Segment Start: INFORMATION SUPPLIED

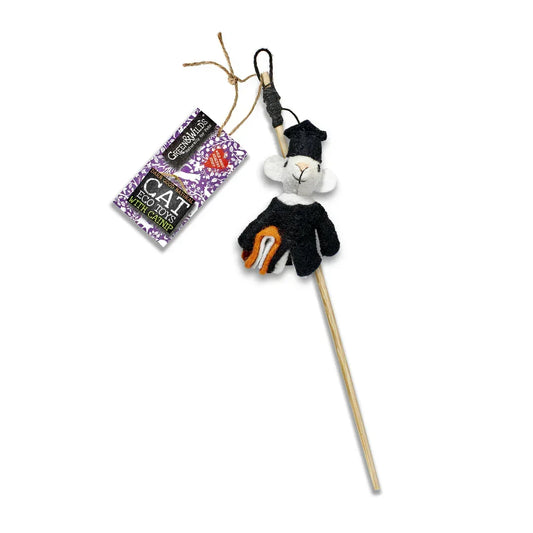 Archibald Mouse Teaser Eco Cat Toy with Catnip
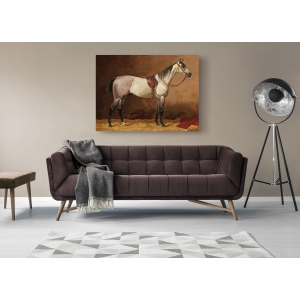 Wall art print and canvas. Emil Volkers, Saddled sport horse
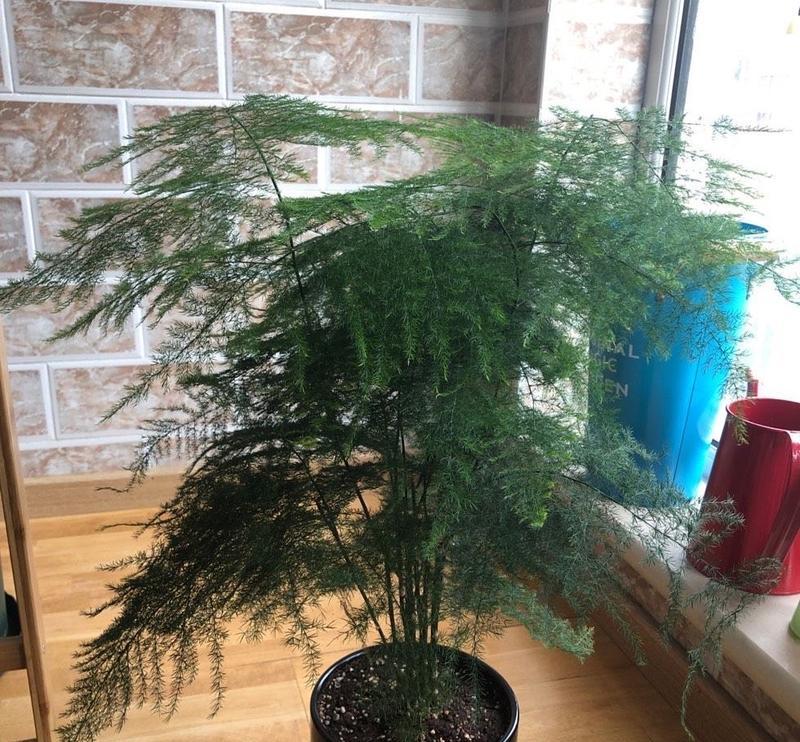 急救文竹叶子发黄，让它重获健康！（挽救文竹，从叶子开始；文竹叶子发黄，这个方法很管用！）
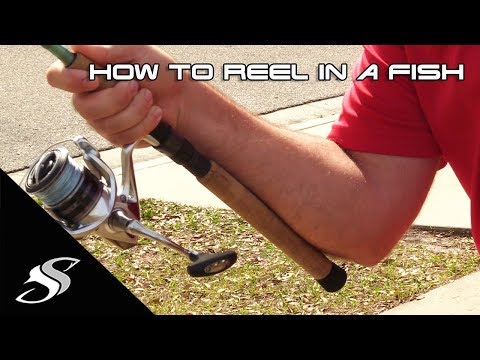 How to Reel in a Fish for Beginners
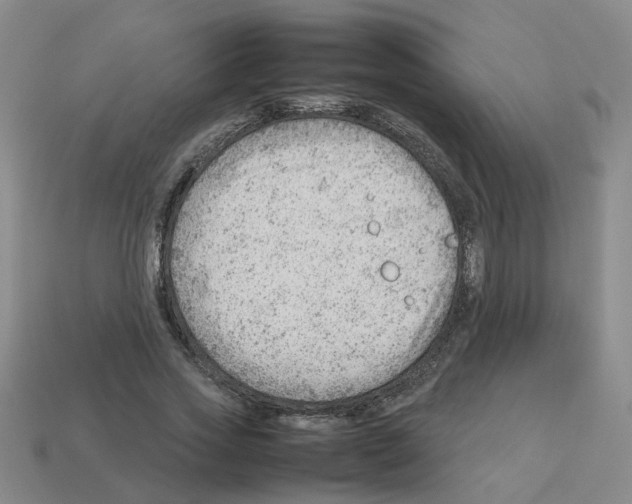 X0000112810733200910021140
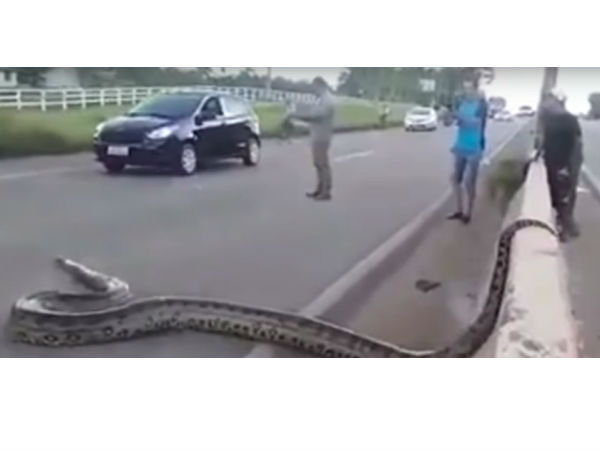 A huge Green Anaconda attempts to cross a busy road in brazil A huge Green Anaconda attempts to cross a busy road in brazil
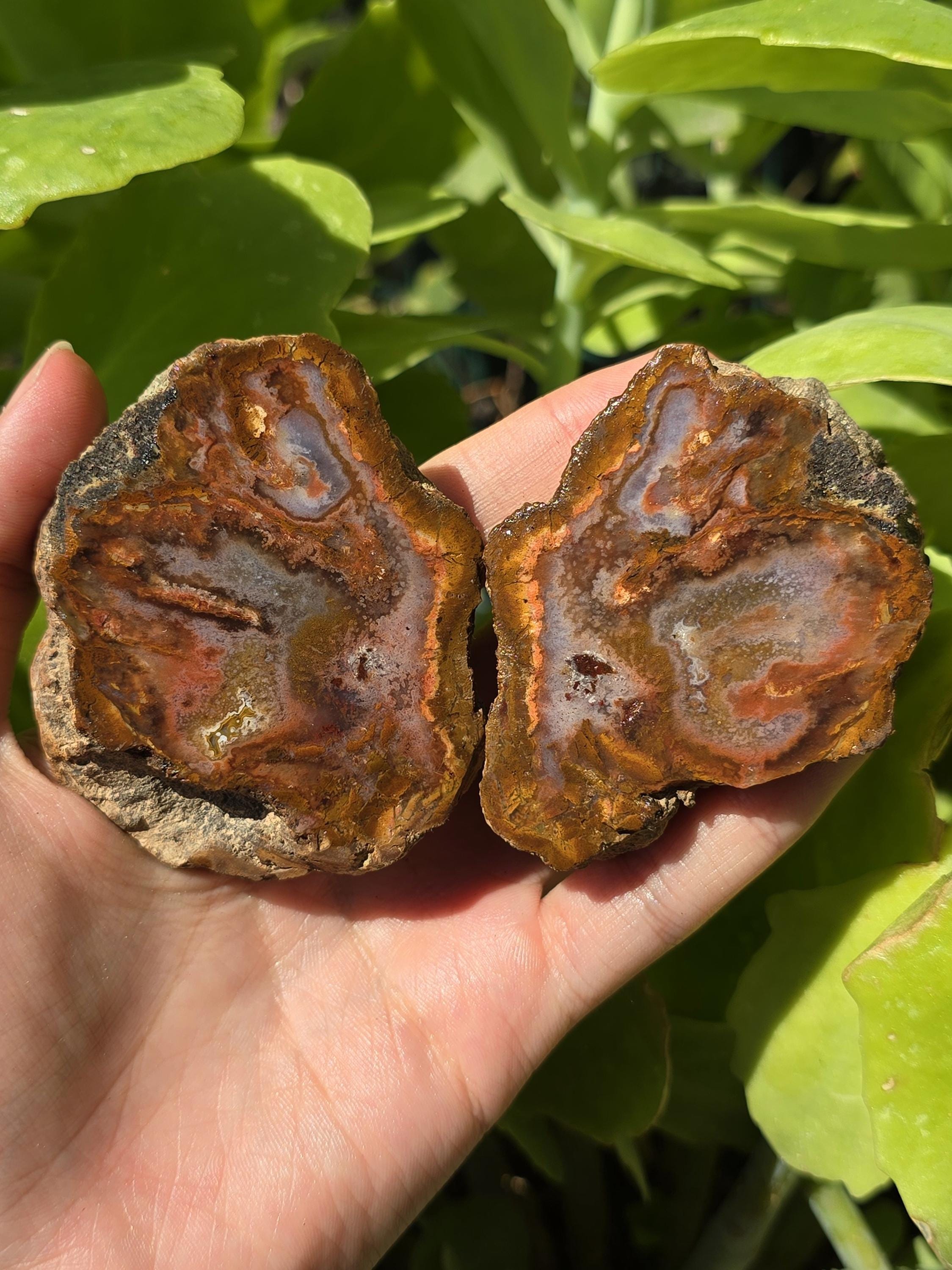 Orange Moss and Blue Banded Agate, Rocks and Mineral, Türkei Achat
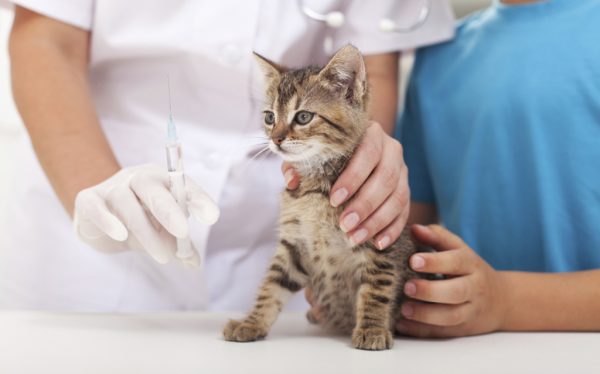 ветеринар держит котёнка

Segment End: INFORMATION SUPPLIED

PROMPT: What is needed here is an exact transcription of every record above, with images excluded.

ANSWER TO THIS EXERCISE:
 Archibald Mouse Teaser Eco Cat Toy with Catnip
 Wall art print and canvas. Emil Volkers, Saddled sport horse
 急救文竹叶子发黄，让它重获健康！（挽救文竹，从叶子开始；文竹叶子发黄，这个方法很管用！）
 How to Reel in a Fish for Beginners
 X0000112810733200910021140
 A huge Green Anaconda attempts to cross a busy road in brazil A huge Green Anaconda attempts to cross a busy road in brazil
 Orange Moss and Blue Banded Agate, Rocks and Mineral, Türkei Achat
 ветеринар держит котёнка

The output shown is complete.